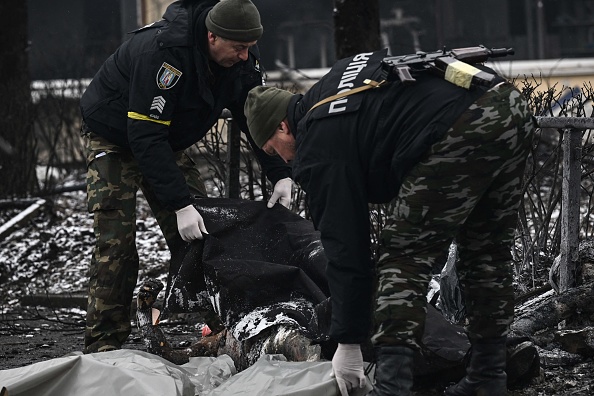 Des policiers couvrent les corps des passants tués lors de la frappe aérienne d'hier qui a frappé la tour de télévision principale de Kiev à Kiev le 2 mars 2022. Photo par Aris MESSINIS/AFP via Getty Images.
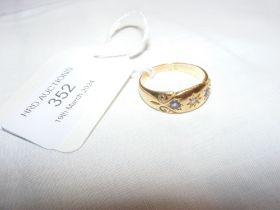 A diamond and pale blue stone ring in 18ct setting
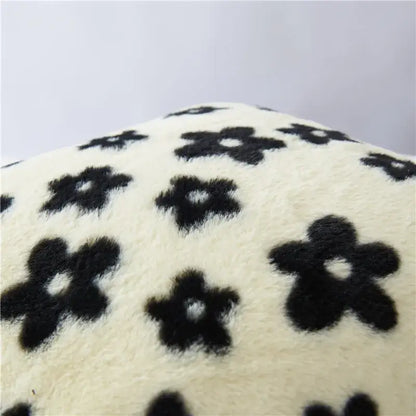 Cream-colored plush cushion cover with black white flower pattern for living room decor by decorbites black white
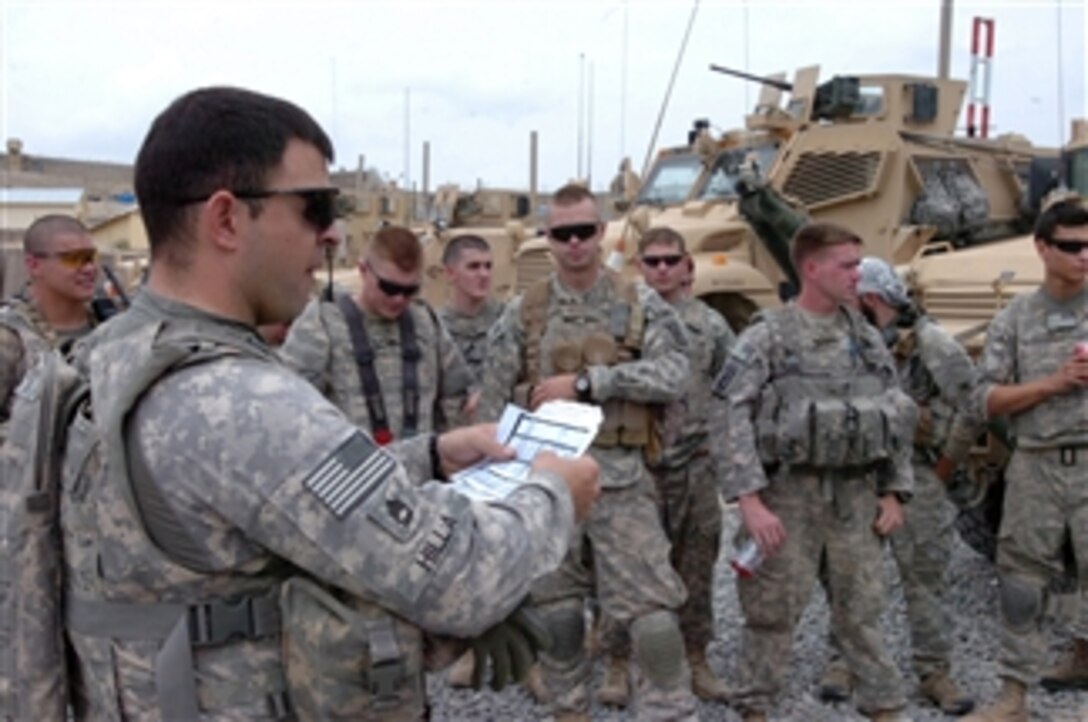 U.S. Army Sgt. 1st Class Hilla (2nd from left) with Attack Company, 1st Battalion, 503rd Infantry Regiment, 173rd Airborne Brigade Combat Team briefs his men before conducting a key leader engagement mission in Tangi district, Wardak province, Afghanistan, on Aug. 17, 2010.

### Task goal
Transcribe the listing above in full and exactly; no pictures belong in the copy.

### Written answer
 Des policiers couvrent les corps des passants tués lors de la frappe aérienne d'hier qui a frappé la tour de télévision principale de Kiev à Kiev le 2 mars 2022. Photo par Aris MESSINIS/AFP via Getty Images.
 A diamond and pale blue stone ring in 18ct setting
 Cream-colored plush cushion cover with black white flower pattern for living room decor by decorbites black white
 U.S. Army Sgt. 1st Class Hilla (2nd from left) with Attack Company, 1st Battalion, 503rd Infantry Regiment, 173rd Airborne Brigade Combat Team briefs his men before conducting a key leader engagement mission in Tangi district, Wardak province, Afghanistan, on Aug. 17, 2010.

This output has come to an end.